Now, scrutinizing the themes of Oona Out of Order is harder than it looks, for the book is almost fiendishly reluctant to lead us towards concrete conclusions. This is most evident in the ending. I was curious to see how many years Montimore would recount before inevitably having to wrap things up in a bow because of the linear limitations of a novel’s page count. Although I’m dissatisfied with the ending, let me offer up a disclaimer as well: I’m not sure there is a satisfactory way to end this book. I don’t think there is a neat bow that can be placed upon this story without ultimately making it too trite or contrived. This is one of those stories where the telling is far more interesting than the resolution. Still, there is a part of me out there that wonders what an older, more lived Oona must feel as she discovers that she never hops past a certain year. If she lives the year of her death, is that it? Or does she die, only to wake up on New Year’s of another year of her past? As you can see, there are many questions this book poses yet does not answer.

In the end, it’s tempting to judge Montimore for distilling down Oona’s life to a love story, as she jumps back to the wonderful year in Europe she will have with the soon-to-be-deceased father of her child. Yet I think that’s a shallow reading of a very deep statement. For the book, up until that point, makes it clear that Oona lives and loves again beyond Dale. For her return to him to be the culmination of the story is not a return to her OTP, then, but a reward, in a way—to Oona, yes, but to the reader, who has long known that this moment must come yet never got to experience it. Montimore ends the book for us on the happiest of notes, for as I expressed above, there are darker questions lurking within this fantastical setup.

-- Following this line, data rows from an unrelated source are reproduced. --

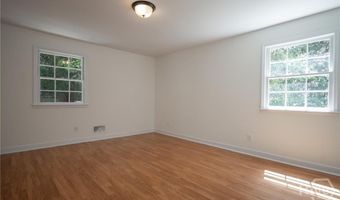 215 Lenox Rd, Athens, GA 30606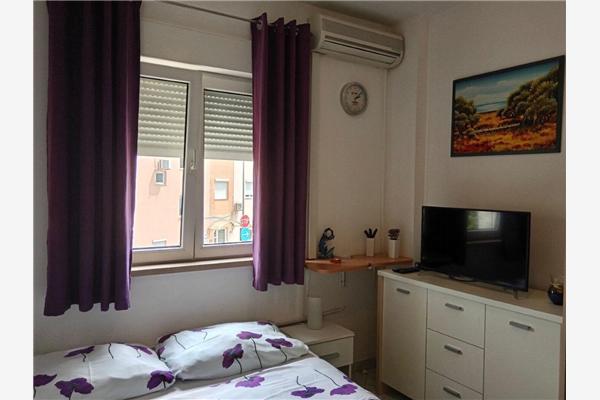 Room S1, for 2 persons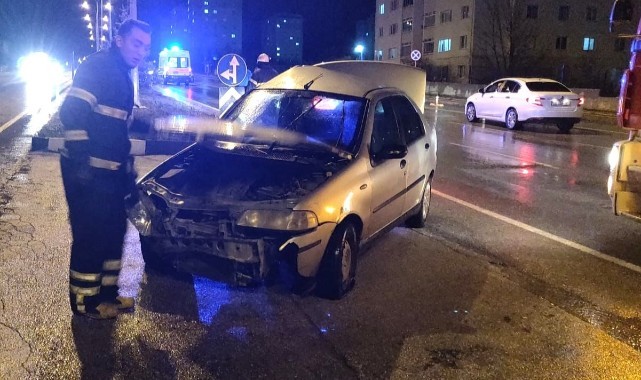 İki otomobil çarpıştı: 2 yaralı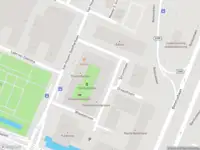 Ambulance met grote spoed naar de Stroombaan in Amstelveen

Oona Out of Order is therefore a rich and complex piece of storytelling. It is science fiction that will doubtless masquerade as chick lit, which I am fine with, because chick lit is actually a damn good and complex genre in its own right—but for those of you who come to this book disdaining SF, I would urge you to stop and reconsider, for these are the books that truly power this genre. Beyond rocket ships and blasters, it’s the stories that ask us to consider the uniqueness of the human condition that truly propel us forward.